Adamant: Hardest metal
Monday, March 10, 2003

Salomon Brothers High Yield Bond Fund

www.nytimes.com By CAROLE GOULD

INVESTMENT grade bonds now account for about 12 percent of the $587 million Salomon Brothers High Yield Bond fund — a portfolio that typically owns no such high-rated bonds, says its manager, Peter J. Wilby.

He bought those bonds after the crashes of Enron and WorldCom last year. "Other bond managers were running for the exits," Mr. Wilby said, "and that created big opportunities for us."

The overall credit quality of the portfolio's 200 issuers averages a rating of double-B from Standard & Poor's. (Junk bonds are those rated below triple-B.) The portfolio contains big chunks of triple-B bonds as well as single-B bonds bought in recent months.

The fund's trailing 12-month yield is 9.54 percent, compared with 8.94 percent, on average, for high-yield bonds tracked by Morningstar Inc.

The fund's duration, a measure of interest-rate sensitivity, is 4.5 years, mirroring the Salomon Smith Barney High Yield Market index, he said, "so it has junk bonds' typical sensitivity to interest rates."

But Mr. Wilby said that as interest rates rose, an improving economy would reduce credit risk, "allowing a high-yield fund to do quite well in that environment."

The fund returned 1.7 percent a year, on average, for the three years through February and adjusted for its front-end load, or sales charge, of 4.75 percent. That puts it in the top 16 percent of all high-yield bond funds, which lost 2.3 percent a year, on average, according to Morningstar. The fund returned 3.1 percent in the 12 months through February, adjusted for the load, compared with 0.3 percent for its group.(The fund's current 4.5 percent load is not yet part of Morningstar's database.)

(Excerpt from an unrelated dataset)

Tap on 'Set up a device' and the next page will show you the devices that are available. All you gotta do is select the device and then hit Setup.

Mr. Wilby, 44, is a managing director of Salomon Brothers Asset Management, the fund's adviser.

The fund can buy corporate or government bonds, typically denominated in dollars, anywhere in the world. Emerging-markets debt, which can account for up to 35 percent of assets, is now about 20 percent, Mr. Wilby said, because he is cautious about overseas risks.

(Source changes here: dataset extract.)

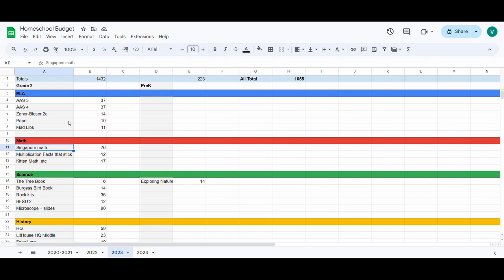Singapore Math I always buy new because then I get the digital access code. We use those extension problems that are part of the digital access code, and if you buy the teacher's manual used, as far as I know there's no way to then purchase the digital access codes, so I always just buy those new.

The allocation is based on his 12-month forecast of credit quality.

"Even though the U.S. economy is sluggish," he said, "I see credit quality improving because companies have been punished for carrying too much debt and have spent the last year cleaning up their balance sheets."

Other factors should also contribute to a strong high-yield market, he said. As for corporate accounting scandals, the worst should be over, he said, and a war with Iraq has already been factored into the market.

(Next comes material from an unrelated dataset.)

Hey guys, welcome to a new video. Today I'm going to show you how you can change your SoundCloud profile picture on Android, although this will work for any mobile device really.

The fund is about 5 percentage points overweight in the cable and media industries, compared with the Salomon Smith Barney High Yield Market index, Mr. Wilby said, because of his aggressive buying of bonds in these sectors during their meltdown last summer.

Mr. Wilby works with eight sector analysts to pick individual issuers. Over all, he said, he tends to avoid rapid-growth companies with no cash flow. Currently, he owns issues like AT&T and Sprint, as well as other beaten-down bonds. He also looks for above-average expected 12-month returns, based on an issue's price and yield.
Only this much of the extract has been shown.